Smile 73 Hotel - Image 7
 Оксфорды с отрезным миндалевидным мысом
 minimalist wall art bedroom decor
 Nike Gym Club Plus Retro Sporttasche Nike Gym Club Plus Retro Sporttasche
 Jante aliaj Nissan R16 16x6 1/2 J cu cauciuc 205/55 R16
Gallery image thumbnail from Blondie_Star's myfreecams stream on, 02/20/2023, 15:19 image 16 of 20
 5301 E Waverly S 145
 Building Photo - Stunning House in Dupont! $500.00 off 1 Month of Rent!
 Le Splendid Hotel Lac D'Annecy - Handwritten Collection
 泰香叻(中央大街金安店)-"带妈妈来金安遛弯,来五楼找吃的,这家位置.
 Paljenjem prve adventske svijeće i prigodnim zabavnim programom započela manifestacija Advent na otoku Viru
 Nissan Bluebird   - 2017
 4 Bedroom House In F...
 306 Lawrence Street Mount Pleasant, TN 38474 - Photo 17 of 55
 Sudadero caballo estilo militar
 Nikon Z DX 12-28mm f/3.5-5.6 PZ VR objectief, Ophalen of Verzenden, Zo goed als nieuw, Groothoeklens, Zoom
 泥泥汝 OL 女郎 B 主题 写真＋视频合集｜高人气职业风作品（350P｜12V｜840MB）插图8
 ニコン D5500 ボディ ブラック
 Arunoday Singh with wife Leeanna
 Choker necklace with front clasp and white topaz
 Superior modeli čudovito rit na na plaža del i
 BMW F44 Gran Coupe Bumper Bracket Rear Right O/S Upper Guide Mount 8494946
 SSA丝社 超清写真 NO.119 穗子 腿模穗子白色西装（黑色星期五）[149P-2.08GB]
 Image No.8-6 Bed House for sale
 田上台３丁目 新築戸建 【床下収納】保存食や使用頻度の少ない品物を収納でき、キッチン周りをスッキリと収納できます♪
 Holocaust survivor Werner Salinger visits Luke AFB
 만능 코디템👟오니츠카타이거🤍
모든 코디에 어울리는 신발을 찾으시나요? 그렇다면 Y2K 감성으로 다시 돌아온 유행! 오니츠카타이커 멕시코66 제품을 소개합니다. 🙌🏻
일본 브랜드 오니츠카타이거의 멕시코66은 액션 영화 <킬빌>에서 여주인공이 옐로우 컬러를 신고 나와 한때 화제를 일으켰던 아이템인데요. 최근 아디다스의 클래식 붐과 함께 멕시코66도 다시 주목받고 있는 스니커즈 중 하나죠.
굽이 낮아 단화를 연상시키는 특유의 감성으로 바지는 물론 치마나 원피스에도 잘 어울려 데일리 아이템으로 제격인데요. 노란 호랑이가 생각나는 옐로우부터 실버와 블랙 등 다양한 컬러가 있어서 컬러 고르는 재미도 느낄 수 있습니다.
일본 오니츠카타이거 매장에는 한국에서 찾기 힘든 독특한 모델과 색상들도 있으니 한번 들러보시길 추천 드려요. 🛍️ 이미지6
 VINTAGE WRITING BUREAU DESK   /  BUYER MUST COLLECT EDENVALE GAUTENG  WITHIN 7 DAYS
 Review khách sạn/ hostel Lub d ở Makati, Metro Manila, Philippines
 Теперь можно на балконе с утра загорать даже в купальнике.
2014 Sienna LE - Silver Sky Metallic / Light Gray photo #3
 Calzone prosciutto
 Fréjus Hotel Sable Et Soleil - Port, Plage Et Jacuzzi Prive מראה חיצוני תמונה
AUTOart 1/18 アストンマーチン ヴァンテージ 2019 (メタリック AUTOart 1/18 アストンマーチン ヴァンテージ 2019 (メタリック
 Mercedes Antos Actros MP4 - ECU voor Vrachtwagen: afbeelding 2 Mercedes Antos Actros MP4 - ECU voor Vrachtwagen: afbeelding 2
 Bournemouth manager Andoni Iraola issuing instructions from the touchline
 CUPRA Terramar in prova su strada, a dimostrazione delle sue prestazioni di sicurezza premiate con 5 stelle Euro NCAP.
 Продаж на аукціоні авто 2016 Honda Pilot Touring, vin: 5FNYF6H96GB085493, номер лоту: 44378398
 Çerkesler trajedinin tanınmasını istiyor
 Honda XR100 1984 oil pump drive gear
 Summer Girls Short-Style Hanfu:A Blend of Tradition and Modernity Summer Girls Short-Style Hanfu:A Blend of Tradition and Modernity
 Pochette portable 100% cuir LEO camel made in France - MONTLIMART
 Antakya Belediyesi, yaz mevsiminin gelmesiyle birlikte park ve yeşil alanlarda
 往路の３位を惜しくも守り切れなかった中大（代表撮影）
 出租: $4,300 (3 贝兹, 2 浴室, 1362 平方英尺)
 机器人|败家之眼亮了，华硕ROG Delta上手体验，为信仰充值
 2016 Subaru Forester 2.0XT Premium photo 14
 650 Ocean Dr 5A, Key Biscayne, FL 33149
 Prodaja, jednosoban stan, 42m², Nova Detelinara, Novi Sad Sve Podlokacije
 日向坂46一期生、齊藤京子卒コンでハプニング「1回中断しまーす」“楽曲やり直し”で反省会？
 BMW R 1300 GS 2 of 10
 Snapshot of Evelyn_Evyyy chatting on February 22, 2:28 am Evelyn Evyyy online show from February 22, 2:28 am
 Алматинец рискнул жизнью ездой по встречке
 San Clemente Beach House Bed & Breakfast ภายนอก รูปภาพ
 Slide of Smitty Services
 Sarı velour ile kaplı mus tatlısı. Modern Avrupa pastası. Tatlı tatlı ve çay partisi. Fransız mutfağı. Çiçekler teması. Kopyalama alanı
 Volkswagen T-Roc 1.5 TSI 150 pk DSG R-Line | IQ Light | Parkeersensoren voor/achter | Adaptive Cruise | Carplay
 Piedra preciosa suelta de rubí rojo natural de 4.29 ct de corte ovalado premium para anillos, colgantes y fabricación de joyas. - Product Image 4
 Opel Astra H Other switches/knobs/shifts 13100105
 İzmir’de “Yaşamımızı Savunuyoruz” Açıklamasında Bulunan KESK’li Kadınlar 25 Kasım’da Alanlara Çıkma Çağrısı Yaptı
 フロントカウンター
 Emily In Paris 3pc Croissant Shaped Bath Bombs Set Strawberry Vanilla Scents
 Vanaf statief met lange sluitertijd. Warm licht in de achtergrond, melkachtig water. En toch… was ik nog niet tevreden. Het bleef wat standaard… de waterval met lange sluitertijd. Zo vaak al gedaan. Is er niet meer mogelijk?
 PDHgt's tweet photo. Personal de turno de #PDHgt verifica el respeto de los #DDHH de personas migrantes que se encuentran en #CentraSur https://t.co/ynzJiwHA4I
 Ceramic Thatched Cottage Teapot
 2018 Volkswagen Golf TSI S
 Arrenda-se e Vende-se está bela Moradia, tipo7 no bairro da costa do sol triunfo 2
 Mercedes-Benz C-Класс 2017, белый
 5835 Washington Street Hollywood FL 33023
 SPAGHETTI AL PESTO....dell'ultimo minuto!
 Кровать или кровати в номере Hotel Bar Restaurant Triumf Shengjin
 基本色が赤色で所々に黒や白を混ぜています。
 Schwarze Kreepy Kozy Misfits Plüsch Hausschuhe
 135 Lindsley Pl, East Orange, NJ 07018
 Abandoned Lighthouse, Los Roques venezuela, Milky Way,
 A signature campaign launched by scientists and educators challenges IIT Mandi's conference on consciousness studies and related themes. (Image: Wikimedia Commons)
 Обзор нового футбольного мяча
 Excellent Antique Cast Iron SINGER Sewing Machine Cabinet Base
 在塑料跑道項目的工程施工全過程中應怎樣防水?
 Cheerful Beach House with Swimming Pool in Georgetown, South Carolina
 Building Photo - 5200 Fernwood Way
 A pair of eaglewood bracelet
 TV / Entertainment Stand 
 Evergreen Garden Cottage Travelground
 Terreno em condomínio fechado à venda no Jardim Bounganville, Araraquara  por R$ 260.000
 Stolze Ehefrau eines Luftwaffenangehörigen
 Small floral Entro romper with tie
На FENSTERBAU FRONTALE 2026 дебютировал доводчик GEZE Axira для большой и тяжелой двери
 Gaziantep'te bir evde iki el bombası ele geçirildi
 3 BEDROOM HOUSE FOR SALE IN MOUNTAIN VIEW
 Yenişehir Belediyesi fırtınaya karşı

- - - -

**Problem to solve**: Write out only the lines that run from the line containing "Image No.8-6 Bed House for sale" through the line containing "모든 코디에 어울리는", both included, exactly as they appear above.

**Exercise solution**:
 Image No.8-6 Bed House for sale
 田上台３丁目 新築戸建 【床下収納】保存食や使用頻度の少ない品物を収納でき、キッチン周りをスッキリと収納できます♪
 Holocaust survivor Werner Salinger visits Luke AFB
 만능 코디템👟오니츠카타이거🤍
모든 코디에 어울리는 신발을 찾으시나요? 그렇다면 Y2K 감성으로 다시 돌아온 유행! 오니츠카타이커 멕시코66 제품을 소개합니다. 🙌🏻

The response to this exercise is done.